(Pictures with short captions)
========

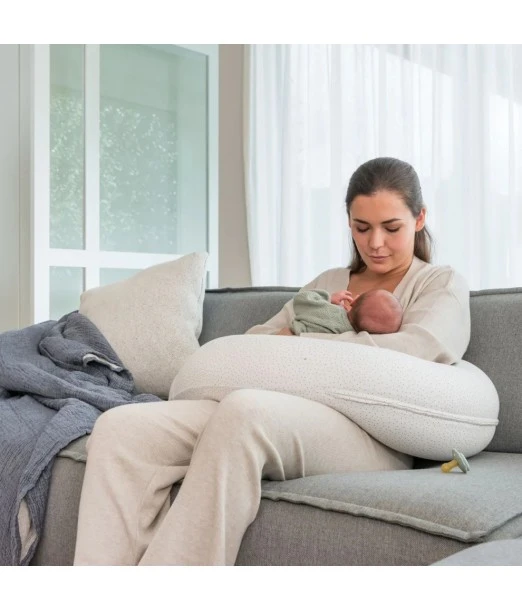 Doomoo pregnancy and breastfeeding pillow Buddy Silver Dots 2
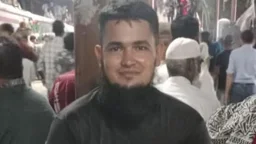ট্রেনের ছাদ থেকে নামার সময় দুই বগির মাঝে পড়ে যুবক নিহত
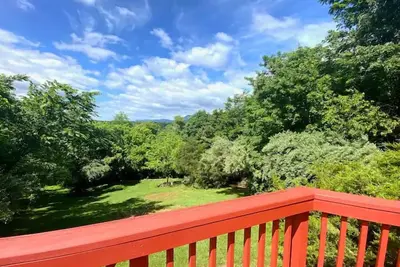 Image de Charming 3-bedroom cabin with Moutain Views, Hottub, WiFi in Shenandoah.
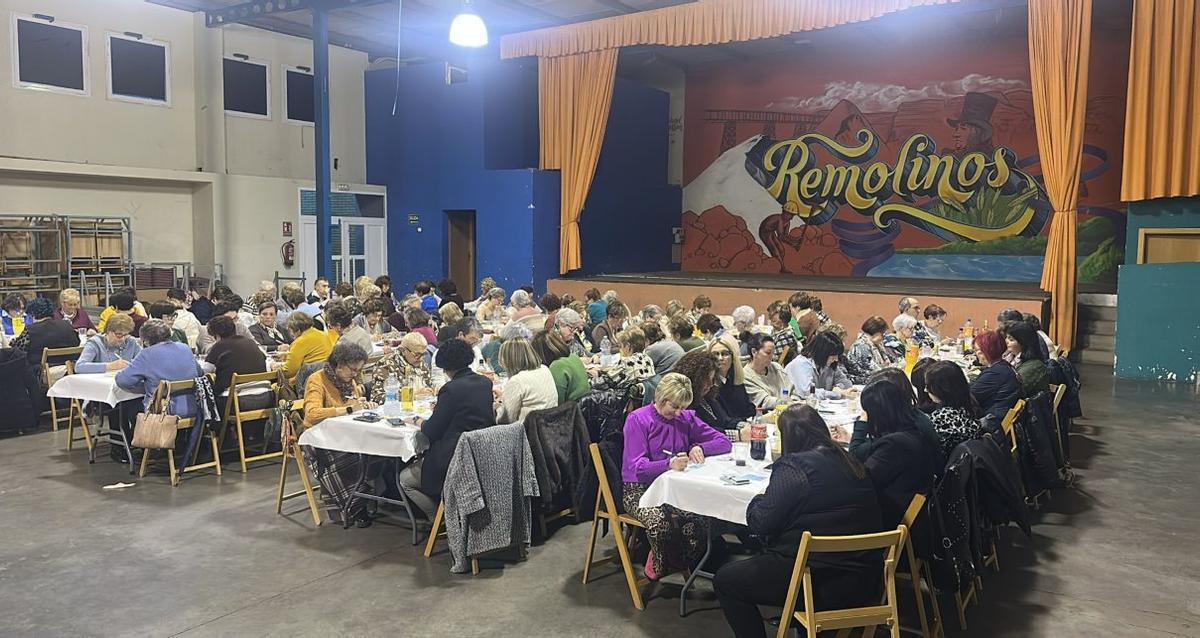 Las vecinas de Remolinos se reunieron para tomar café en el pabellón.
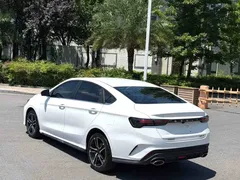 2022 Geely Binrui 1.5T DCT, белый — фото 9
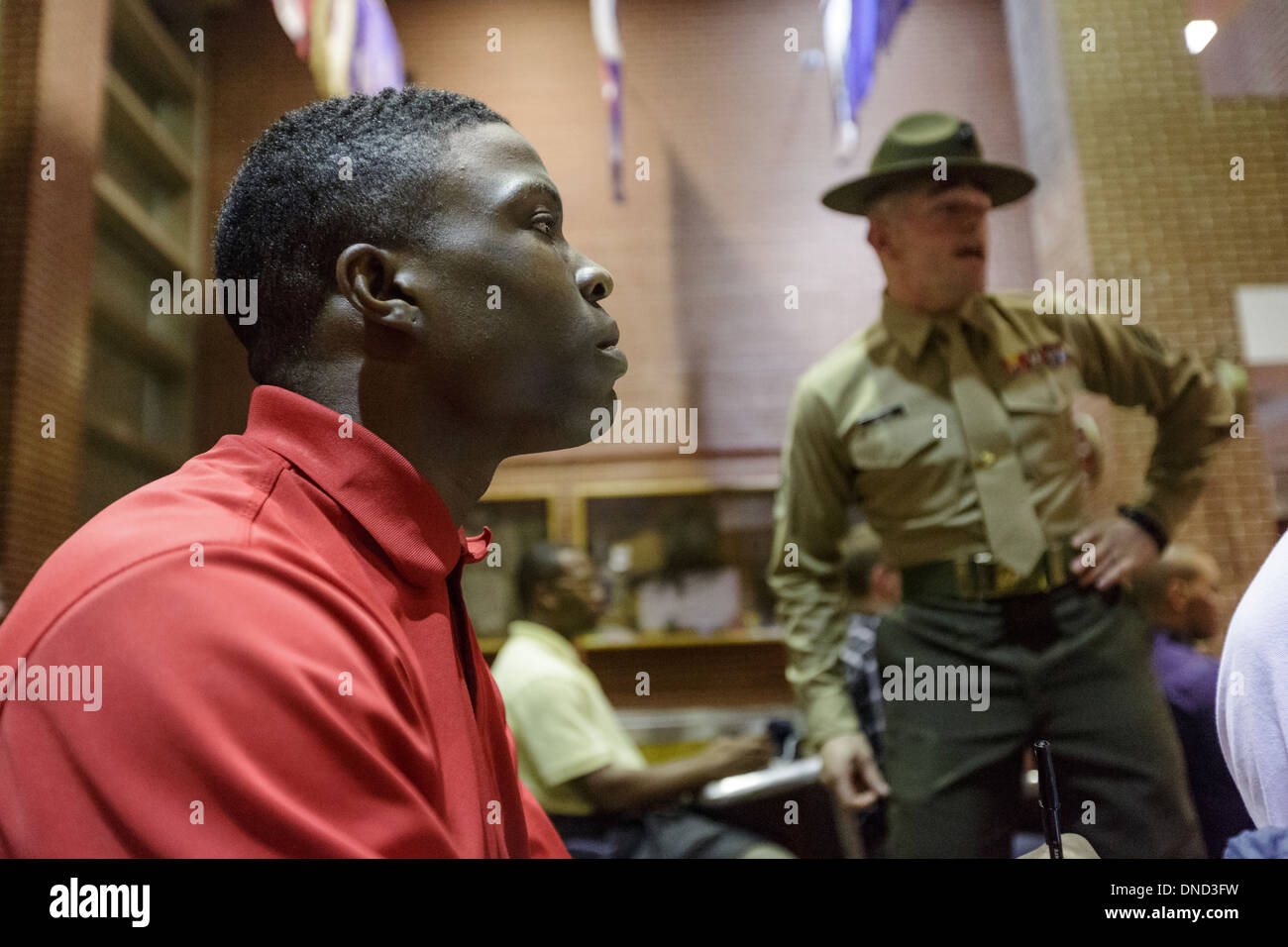 U.S. Marine Corps Drill Instruktoren direkt neu angekommene Rekruten durch Einnahme im Marine Corps zu rekrutieren Depot Parris Island 13 Wochen von Boot Camp 9. Dezember 2013 in Port Royal, South Carolina beginnen. Die Marines trainieren jährlich etwa 17.000 Rekruten auf Parris Island. Stockfoto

========

## Work to complete
If a picture appears among the records, leave it out, and otherwise reproduce exactly every line from the first line through the one with "2022 Geely Binrui 1.5T DCT, белый — фото 9", both included.

## Solution to this problem
 Doomoo pregnancy and breastfeeding pillow Buddy Silver Dots 2
ট্রেনের ছাদ থেকে নামার সময় দুই বগির মাঝে পড়ে যুবক নিহত
 Image de Charming 3-bedroom cabin with Moutain Views, Hottub, WiFi in Shenandoah.
 Las vecinas de Remolinos se reunieron para tomar café en el pabellón.
 2022 Geely Binrui 1.5T DCT, белый — фото 9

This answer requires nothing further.